WPX Energy, Inc.
- Industry: Petroleum industry
- Founded: 2011; 14 years ago
- Defunct: January 7, 2021; 4 years ago
- Fate: Acquired by Devon Energy
- Headquarters: Tulsa, Oklahoma, U.S.
- Key people: Richard E. Muncrief, Chairman & CEO J. Kevin Vann, CFO
- Products: Petroleum Natural gas Natural gas liquids
- Production output: 166.9 thousand barrels of oil equivalent (1,021,000 GJ) per day (2019)
- Revenue: US$2.292 billion (2019)
- Net income: US$0.256 billion (2019)
- Total assets: US$8.413 billion (2019)
- Total equity: US$4.515 billion (2019)
- Number of employees: 590 (2019)

= WPX Energy =

Former U.S. energy company

WPX Energy, Inc. (Williams Production and Exploration) was a company engaged in hydrocarbon exploration. It was organized in Delaware and headquartered in Tulsa, Oklahoma. In 2021, the company merged with Devon Energy.
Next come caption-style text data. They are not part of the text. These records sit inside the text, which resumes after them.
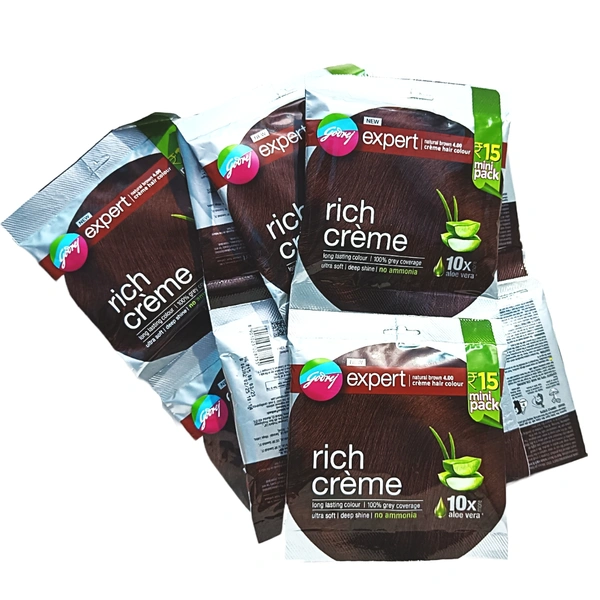 Godrej  Expert Rich Cream ( Natural Brown 4.0 ) -₹20 - Pack Of 10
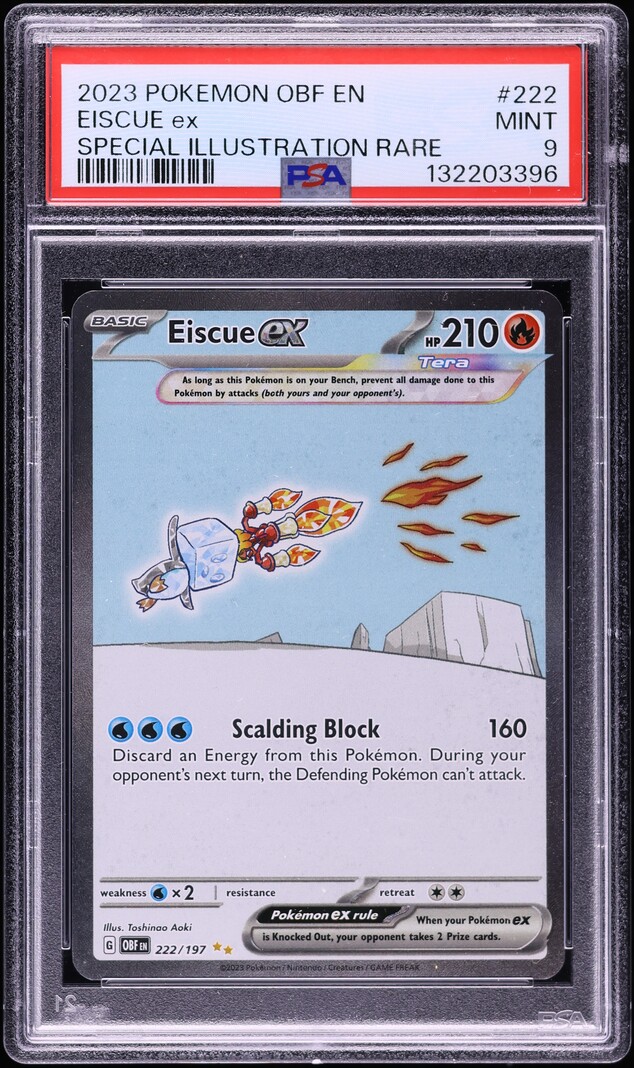 2023 Pokemon Scarlet & Violet Obsidian Flames SIR Eiscue ex #222 PSA 9 MINT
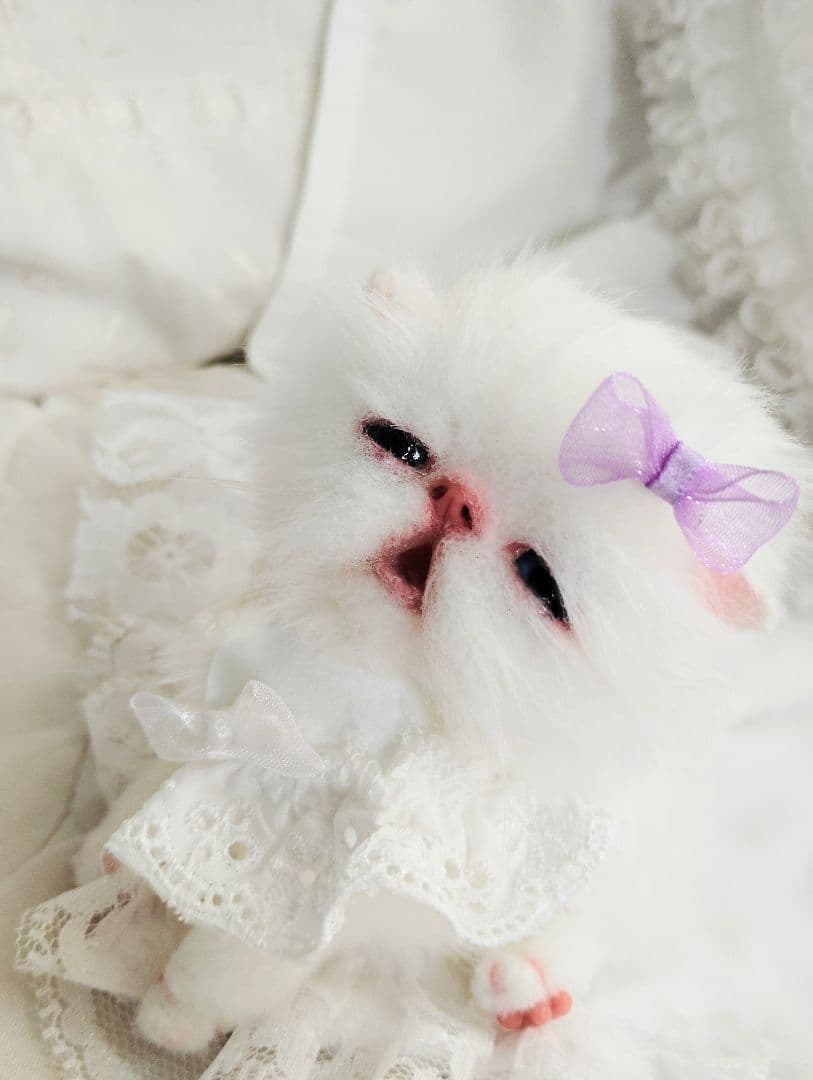 お世話セット♡生後2週間♡子猫ちゃん♡アートドール♡ぬいぐるみ♡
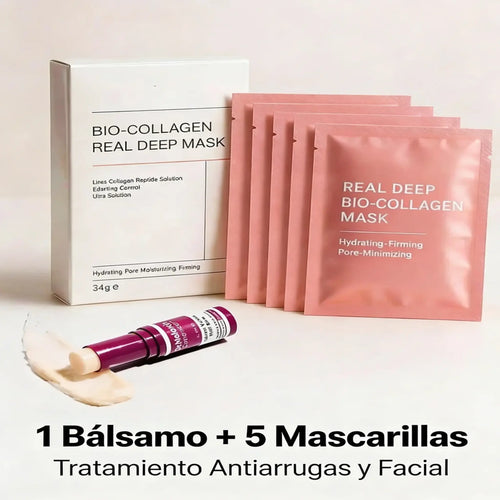 KIT DE COLAGENO (Balsamo Colágeno + 5 Mascarillas Biocolágeno)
All of the company's assets were in either the Williston Basin (42% of 2019 production) or the Permian Basin (58% of 2019 production). Of the company's total 2019 average production of 166.9 BOE per day, 62% was petroleum, 16% was natural gas liquids, and 22% was natural gas. As of December 31, 2019, the company had 527.559 e6BOE of proved reserves, of which 56% was petroleum, 21% was natural gas liquids, and 23% was natural gas.

==History==

- In January 2012, the company completed the corporate spin-off from the Williams Companies and became a public company.
- In June 2014, the company sold a working interest in some of its wells in the Piceance Basin to Legacy Reserves LP for $355 million.
- In May 2015, the company sold Marcellus Shale marketing contracts for $200 million.
- In June 2015, the company acquired 14,300 net acres in the Gallup, New Mexico oil window of the San Juan Basin for $26 million.
- In August 2015, the company acquired RKI Exploration & Production, LLC, giving it assets in the Permian Basin.
- In September 2015, the company sold its remaining mature coalbed methane properties in Wyoming's Powder River Basin for $80 million.
- In October 2015, the company sold its assets in Argentina for $294 million.
- In March 2016, the company sold its San Juan Basin gathering system for $309 million.
- In April 2016, the company sold its assets in the Piceance Basin to Terra Energy Partners for $911 million.
- In January 2017, the company acquired assets in the Permian Basin for $775 million.
- In 2018, the company sold its assets in the San Juan Basin for $775 million.
- In January 2021, the company merged with Devon Energy.